The expected answer is the full listing, repeated exactly and free of images.

__Collected data__.
::::::::::

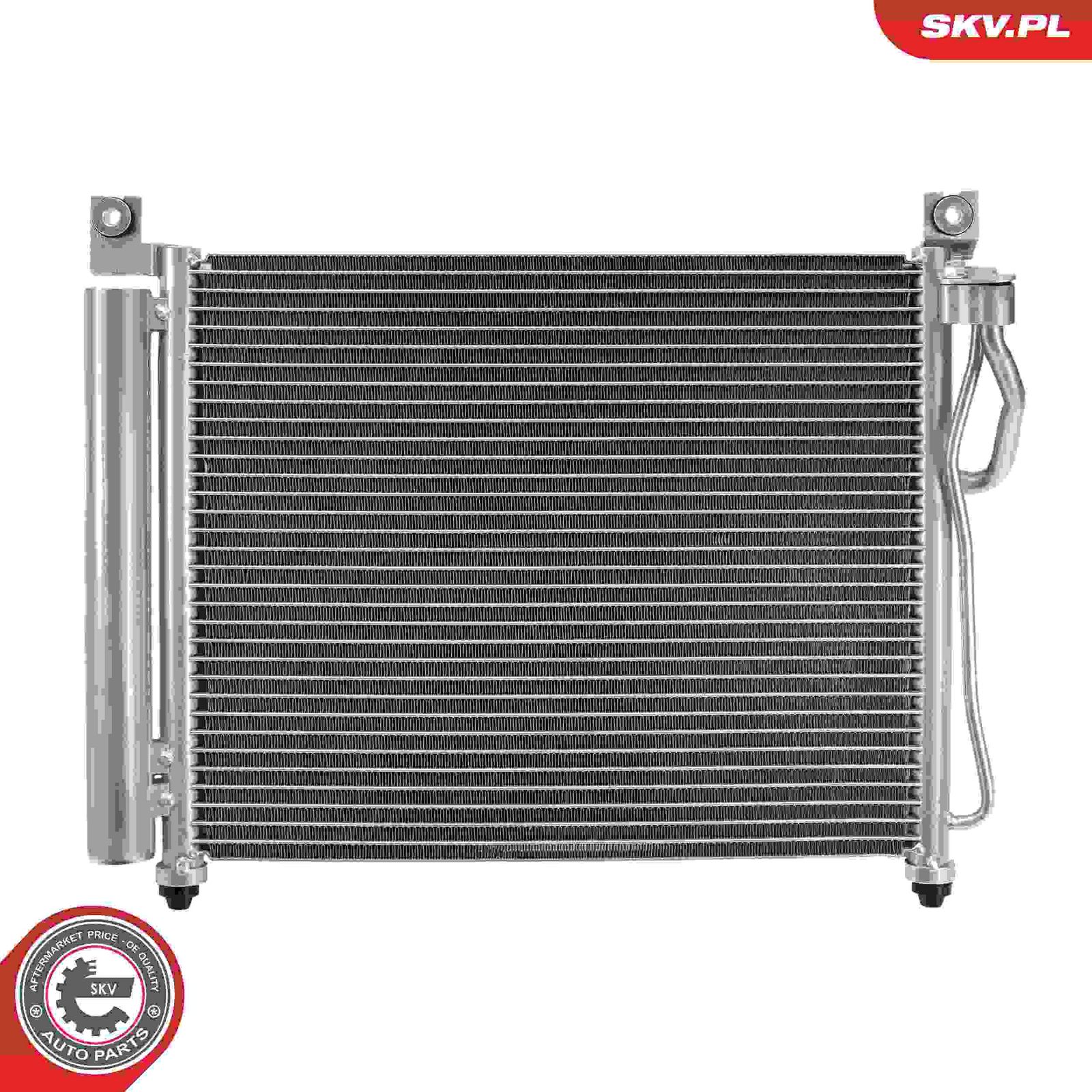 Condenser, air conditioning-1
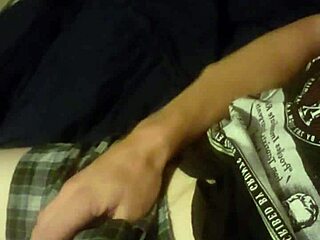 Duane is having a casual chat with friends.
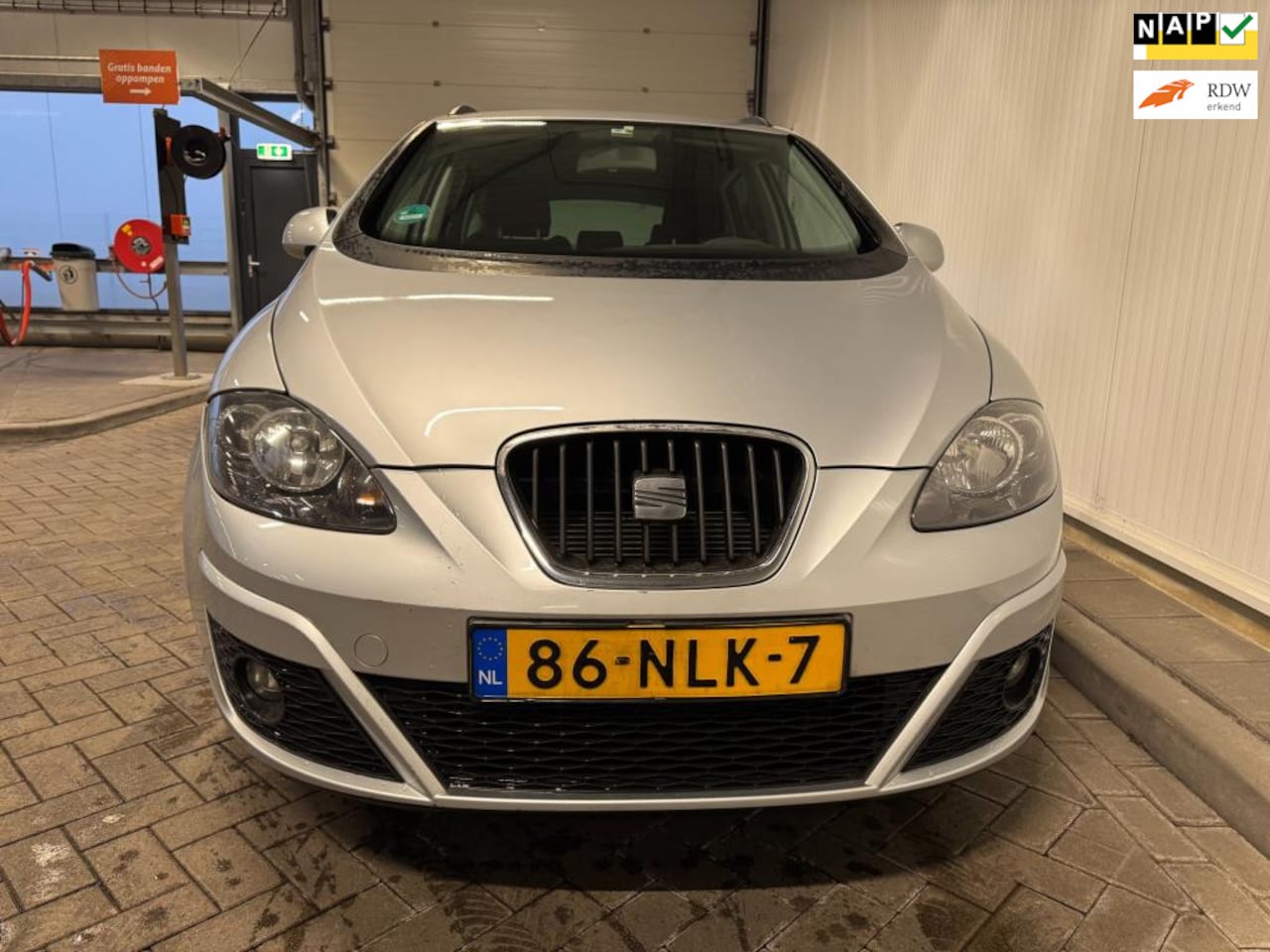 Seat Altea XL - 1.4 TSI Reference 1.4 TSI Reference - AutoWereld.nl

::::::::::

__Expected answer__.
 Condenser, air conditioning-1
 Duane is having a casual chat with friends.
 Seat Altea XL - 1.4 TSI Reference 1.4 TSI Reference - AutoWereld.nl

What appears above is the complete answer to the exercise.